### Provided entries
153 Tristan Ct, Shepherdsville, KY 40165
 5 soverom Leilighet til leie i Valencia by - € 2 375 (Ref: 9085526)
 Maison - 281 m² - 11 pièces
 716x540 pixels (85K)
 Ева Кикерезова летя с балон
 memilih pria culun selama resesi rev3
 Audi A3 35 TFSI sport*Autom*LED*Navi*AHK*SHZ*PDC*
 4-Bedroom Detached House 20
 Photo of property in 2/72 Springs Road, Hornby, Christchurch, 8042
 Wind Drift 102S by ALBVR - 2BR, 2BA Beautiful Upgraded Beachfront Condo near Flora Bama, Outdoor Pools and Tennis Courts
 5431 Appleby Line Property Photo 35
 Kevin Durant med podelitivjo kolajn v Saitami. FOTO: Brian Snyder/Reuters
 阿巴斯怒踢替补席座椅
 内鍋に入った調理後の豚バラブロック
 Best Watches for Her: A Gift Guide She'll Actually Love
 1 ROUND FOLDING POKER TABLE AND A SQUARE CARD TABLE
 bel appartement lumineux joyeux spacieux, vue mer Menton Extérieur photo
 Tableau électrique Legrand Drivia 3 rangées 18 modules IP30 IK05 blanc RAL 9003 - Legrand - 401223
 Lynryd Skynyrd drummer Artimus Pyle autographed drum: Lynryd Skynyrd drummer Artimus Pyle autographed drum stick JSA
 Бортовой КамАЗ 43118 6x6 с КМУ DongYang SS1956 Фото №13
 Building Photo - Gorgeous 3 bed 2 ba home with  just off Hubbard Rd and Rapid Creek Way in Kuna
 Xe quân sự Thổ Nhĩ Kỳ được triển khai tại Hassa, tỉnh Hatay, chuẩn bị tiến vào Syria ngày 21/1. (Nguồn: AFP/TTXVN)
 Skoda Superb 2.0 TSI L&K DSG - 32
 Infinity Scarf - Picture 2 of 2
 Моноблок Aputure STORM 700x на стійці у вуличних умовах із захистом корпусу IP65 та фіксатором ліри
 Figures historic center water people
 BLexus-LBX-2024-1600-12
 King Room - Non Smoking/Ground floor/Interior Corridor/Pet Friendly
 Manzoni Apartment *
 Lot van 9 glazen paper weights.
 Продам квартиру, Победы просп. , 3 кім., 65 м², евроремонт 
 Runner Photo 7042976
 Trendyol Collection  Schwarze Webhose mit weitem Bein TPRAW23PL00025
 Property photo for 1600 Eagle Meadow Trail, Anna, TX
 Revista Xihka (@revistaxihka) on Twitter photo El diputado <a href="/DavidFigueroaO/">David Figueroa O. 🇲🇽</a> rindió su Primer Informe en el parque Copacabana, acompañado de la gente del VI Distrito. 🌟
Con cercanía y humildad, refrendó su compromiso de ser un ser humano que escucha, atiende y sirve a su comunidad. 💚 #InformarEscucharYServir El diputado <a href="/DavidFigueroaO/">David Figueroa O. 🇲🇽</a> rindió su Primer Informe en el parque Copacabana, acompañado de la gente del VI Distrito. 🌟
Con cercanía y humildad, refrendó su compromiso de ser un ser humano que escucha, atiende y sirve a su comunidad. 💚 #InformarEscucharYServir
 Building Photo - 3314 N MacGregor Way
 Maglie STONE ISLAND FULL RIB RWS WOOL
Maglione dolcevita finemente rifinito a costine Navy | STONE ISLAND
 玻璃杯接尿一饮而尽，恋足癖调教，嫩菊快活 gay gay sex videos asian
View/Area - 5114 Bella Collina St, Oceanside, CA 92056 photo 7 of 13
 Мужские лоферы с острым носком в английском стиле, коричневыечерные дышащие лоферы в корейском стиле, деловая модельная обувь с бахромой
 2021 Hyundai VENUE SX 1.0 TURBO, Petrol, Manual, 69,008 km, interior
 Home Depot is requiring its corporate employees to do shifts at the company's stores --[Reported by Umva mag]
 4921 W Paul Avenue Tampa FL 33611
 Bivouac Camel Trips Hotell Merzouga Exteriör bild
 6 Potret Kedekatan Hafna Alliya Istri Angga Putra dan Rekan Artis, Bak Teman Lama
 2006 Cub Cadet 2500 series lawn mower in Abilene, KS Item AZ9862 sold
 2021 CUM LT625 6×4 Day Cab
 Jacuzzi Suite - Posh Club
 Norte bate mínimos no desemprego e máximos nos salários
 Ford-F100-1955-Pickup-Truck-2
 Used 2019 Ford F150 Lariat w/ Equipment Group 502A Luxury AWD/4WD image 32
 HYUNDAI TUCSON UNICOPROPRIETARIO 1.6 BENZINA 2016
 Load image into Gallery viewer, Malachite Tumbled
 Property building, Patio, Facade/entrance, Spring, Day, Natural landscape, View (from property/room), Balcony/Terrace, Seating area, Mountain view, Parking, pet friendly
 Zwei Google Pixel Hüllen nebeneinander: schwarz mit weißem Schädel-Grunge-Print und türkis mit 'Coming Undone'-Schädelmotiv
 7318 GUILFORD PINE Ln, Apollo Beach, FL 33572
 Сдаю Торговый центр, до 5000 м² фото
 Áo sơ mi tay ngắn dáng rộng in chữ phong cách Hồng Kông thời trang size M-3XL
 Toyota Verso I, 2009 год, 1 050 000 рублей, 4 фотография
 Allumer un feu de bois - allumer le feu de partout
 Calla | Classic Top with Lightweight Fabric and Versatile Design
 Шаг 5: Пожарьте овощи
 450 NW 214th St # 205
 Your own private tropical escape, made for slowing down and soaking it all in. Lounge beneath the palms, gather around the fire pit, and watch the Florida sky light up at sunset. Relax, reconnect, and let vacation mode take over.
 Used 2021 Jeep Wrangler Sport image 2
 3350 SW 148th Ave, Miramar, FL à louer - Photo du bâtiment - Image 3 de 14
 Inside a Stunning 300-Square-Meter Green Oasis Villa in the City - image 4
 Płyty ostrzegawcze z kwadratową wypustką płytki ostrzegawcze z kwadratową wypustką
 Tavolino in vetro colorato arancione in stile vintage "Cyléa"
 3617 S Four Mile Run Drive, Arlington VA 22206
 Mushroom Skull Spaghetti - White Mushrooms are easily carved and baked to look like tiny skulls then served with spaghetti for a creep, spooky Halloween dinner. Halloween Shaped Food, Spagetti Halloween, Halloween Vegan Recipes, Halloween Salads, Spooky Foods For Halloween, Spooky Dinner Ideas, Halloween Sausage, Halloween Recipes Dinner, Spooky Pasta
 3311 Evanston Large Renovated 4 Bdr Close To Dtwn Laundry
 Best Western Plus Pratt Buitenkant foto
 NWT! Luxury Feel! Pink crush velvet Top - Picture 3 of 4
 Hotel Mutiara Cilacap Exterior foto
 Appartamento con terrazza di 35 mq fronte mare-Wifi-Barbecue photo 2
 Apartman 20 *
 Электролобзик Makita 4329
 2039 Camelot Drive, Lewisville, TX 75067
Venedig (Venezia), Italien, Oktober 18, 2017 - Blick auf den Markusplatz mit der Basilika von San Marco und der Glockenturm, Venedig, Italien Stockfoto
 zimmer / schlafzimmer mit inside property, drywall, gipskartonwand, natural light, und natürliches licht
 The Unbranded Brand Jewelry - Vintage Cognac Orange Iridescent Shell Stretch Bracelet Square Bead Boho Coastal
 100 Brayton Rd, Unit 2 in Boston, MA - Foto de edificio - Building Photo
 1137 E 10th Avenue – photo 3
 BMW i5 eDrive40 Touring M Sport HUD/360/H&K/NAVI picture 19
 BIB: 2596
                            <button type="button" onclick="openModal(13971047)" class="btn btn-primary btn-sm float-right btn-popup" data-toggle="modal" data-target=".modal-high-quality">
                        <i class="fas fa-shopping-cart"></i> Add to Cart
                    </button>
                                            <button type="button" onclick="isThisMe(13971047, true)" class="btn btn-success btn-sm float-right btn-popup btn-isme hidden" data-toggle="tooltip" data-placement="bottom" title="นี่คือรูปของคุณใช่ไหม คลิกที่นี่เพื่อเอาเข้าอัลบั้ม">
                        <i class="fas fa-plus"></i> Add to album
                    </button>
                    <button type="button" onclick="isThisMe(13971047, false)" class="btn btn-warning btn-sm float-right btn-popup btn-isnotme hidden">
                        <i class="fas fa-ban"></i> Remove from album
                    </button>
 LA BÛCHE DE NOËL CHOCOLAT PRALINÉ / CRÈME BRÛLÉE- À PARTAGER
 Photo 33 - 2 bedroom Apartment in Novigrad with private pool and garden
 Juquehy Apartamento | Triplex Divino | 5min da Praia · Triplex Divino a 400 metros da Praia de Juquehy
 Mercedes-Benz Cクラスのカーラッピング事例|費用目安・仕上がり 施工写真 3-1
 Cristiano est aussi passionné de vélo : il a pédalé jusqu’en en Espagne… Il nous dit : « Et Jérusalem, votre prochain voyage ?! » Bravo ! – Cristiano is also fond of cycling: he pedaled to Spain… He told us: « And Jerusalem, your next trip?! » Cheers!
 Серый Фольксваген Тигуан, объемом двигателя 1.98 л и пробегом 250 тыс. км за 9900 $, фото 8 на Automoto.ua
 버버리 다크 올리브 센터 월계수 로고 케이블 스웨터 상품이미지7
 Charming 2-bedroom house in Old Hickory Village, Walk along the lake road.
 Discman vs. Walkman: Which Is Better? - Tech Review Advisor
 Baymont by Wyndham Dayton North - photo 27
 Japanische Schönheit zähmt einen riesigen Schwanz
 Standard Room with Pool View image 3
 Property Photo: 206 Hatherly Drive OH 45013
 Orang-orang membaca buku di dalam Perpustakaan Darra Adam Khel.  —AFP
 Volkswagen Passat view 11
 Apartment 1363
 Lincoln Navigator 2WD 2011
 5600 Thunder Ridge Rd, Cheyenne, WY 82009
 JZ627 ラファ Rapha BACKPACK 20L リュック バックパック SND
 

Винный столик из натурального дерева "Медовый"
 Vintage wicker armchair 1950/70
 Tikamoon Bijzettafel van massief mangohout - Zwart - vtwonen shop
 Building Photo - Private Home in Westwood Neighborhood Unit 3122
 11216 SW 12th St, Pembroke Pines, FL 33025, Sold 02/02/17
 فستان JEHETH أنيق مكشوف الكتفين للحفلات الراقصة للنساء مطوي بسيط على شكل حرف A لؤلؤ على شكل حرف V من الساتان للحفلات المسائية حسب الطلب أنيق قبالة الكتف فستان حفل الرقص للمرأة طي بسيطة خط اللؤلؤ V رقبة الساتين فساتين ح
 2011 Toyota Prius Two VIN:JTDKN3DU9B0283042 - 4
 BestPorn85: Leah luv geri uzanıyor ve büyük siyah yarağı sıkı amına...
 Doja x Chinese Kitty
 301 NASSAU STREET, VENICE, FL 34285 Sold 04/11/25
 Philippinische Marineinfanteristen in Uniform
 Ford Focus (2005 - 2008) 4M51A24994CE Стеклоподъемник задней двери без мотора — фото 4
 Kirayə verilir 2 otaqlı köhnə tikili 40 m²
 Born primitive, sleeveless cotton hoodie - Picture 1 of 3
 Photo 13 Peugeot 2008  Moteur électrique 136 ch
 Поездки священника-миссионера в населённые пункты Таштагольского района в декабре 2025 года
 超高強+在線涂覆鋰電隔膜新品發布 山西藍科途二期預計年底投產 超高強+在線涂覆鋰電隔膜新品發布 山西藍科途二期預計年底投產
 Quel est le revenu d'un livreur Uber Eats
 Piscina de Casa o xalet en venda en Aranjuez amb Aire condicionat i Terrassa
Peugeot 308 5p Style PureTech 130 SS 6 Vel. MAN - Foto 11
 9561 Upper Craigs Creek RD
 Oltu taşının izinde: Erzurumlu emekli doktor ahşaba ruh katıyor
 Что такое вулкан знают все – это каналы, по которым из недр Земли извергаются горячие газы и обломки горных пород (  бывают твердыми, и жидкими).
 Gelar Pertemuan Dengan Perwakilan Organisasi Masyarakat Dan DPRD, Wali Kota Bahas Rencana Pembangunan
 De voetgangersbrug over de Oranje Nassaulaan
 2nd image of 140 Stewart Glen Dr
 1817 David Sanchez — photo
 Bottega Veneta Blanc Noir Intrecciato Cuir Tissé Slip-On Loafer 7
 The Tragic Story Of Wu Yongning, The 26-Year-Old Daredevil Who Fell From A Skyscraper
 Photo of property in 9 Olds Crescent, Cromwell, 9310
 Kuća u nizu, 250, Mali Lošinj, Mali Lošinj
######
Assignment:
Write out exactly the lines above from the line with "1137 E 10th Avenue – photo 3" through the line with "Mercedes-Benz Cクラスのカーラッピング事例|費用目安・仕上がり 施工写真", both of them included, and leave out all other lines.

Response area:
 1137 E 10th Avenue – photo 3
 BMW i5 eDrive40 Touring M Sport HUD/360/H&K/NAVI picture 19
 BIB: 2596
                            <button type="button" onclick="openModal(13971047)" class="btn btn-primary btn-sm float-right btn-popup" data-toggle="modal" data-target=".modal-high-quality">
                        <i class="fas fa-shopping-cart"></i> Add to Cart
                    </button>
                                            <button type="button" onclick="isThisMe(13971047, true)" class="btn btn-success btn-sm float-right btn-popup btn-isme hidden" data-toggle="tooltip" data-placement="bottom" title="นี่คือรูปของคุณใช่ไหม คลิกที่นี่เพื่อเอาเข้าอัลบั้ม">
                        <i class="fas fa-plus"></i> Add to album
                    </button>
                    <button type="button" onclick="isThisMe(13971047, false)" class="btn btn-warning btn-sm float-right btn-popup btn-isnotme hidden">
                        <i class="fas fa-ban"></i> Remove from album
                    </button>
 LA BÛCHE DE NOËL CHOCOLAT PRALINÉ / CRÈME BRÛLÉE- À PARTAGER
 Photo 33 - 2 bedroom Apartment in Novigrad with private pool and garden
 Juquehy Apartamento | Triplex Divino | 5min da Praia · Triplex Divino a 400 metros da Praia de Juquehy
 Mercedes-Benz Cクラスのカーラッピング事例|費用目安・仕上がり 施工写真 3-1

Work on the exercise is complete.